Verizon Wireless sees ringback tones as another way to get a little more incremental revenue out of the oh-so-fickle youth market, with whom ringtones have been so popular in the first place. While ringtones allow subscribers to enjoy their own musical tastes when called, ringback tones foist those tastes upon the people calling them. What could be more fitting for an increasingly exhibitionistic youth segment?

“This goes well beyond the ringtones,” said John Harrobin, vice president of marketing and sales for Verizon Wireless's Western region. “Ringtones are a way for you to communicate with yourself. Ringback tones communicate with your callers. They're another way for our subscribers to express themselves to the people they know.”

They're also another way for Verizon Wireless to rake in the dough if the service is successful. Unlike ringtones, which are handset-based, ringback tones originate from the network, meaning any subscriber with a postpaid subscription regardless of handset can use the service. A carrier doesn't have to optimize specific tones for certain handsets or manage monophonic, polyphonic or digital recording versions of the same tone. It doesn't have to figure out a way to airlift each tone to each handset. Nor does it have to wend the convoluted road of digital rights management because the intellectual property is stored in the network, not on the phone itself.

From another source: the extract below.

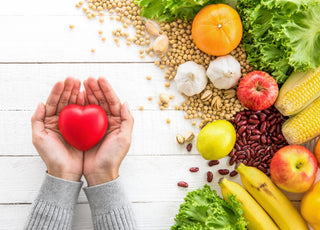 Two hands holding a red heart above fiber-loaded foods like beans, fruits, and vegetables.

On top of that, because the service is network-based, Verizon Wireless can charge a monthly recurring fee of $1 to run the service so the ringback tone keeps paying for itself long after the customer shells out the $2 to buy the tone in the first place.

That proposition has to trigger a Pavlovian reaction in the mouth of any carrier, but so far, Verizon Wireless has been the only one to embrace it. However, Verizon Wireless hasn't quite embraced it completely. It's only launching with gear provided by Asian partner SK Telecom in Sacramento and Southern California, where its youth-focused marketing is particularly acute. But it has committed to a nationwide rollout in 2005, once it irons out its service.

However, it's not just Verizon Wireless that will be monitoring the service in L.A. If Verizon Wireless' trial enjoys an inkling of success, the other carriers are sure to investigate their own ringback tone applications. The carriers are in such competitive lockstep that any first-to-market advantage would be quickly eliminated in 2005, said Brian Demers, vice president and general manager of mobile applications business for NMS Communications, the company providing the core technology in Verizon Wireless' and SK Telecom's launch.

“The other carriers will absolutely launch next year,” Demers said. “There had to be a first carrier to launch in the Americas and we're just happy that it was a big one.”